The ownership of council homes across England would transfer to the community for the first time if proposals published in a new report are accepted by the Government.
Community and council ownership on a large-scale is one of three options for the future of council housing considered in a report released by the National Federation of Arms Length Management Organisations – ALMOs . The new models aim to provide greater opportunities for tenant involvement in the running of council housing and to enable ALMOs to leverage off-balance sheet, private finance for the first time.
Currently ALMOs manage almost one million council properties across England, half of all council housing. The first ALMOs were set up in 2002 to provide council tenants with a greater say in how their homes were managed and to access the government’s decent homes programme of home improvements. However, most ALMOs have now completed their programmes and are seeking clarification over their future.
The report sets out alternative options which could involve a long-term management contract or transfer to a Community and Council owned organisation.
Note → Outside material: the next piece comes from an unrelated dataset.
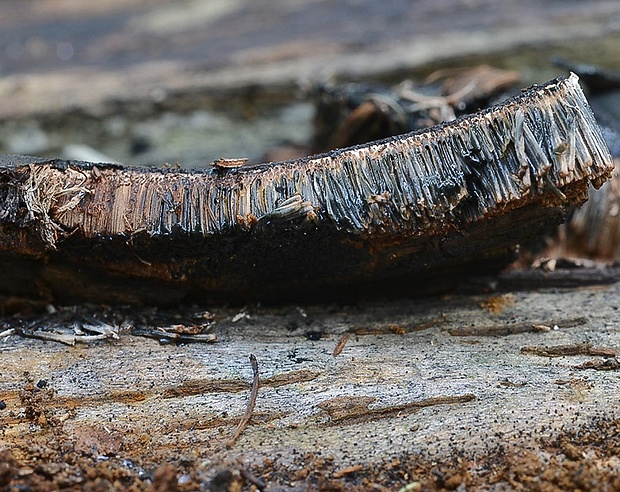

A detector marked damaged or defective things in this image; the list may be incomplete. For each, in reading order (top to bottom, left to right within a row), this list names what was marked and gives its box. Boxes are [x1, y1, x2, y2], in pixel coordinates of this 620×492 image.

black charred-looking wood [0, 75, 612, 306]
This would be a fundamental change to the ALMO’s constitution and would transfer ownership to the community, but on a different basis to a current stock transfer.
All the options aim to retain the strong partnerships developed between ALMOs and their local authorities as well as the focus on tenant empowerment and involvement.
Alison Inman, NFA Chair, said: “This report is the culmination of many months of work looking into how the ALMO model could evolve beyond Decent Homes to remain attractive to tenants but also financially viable.”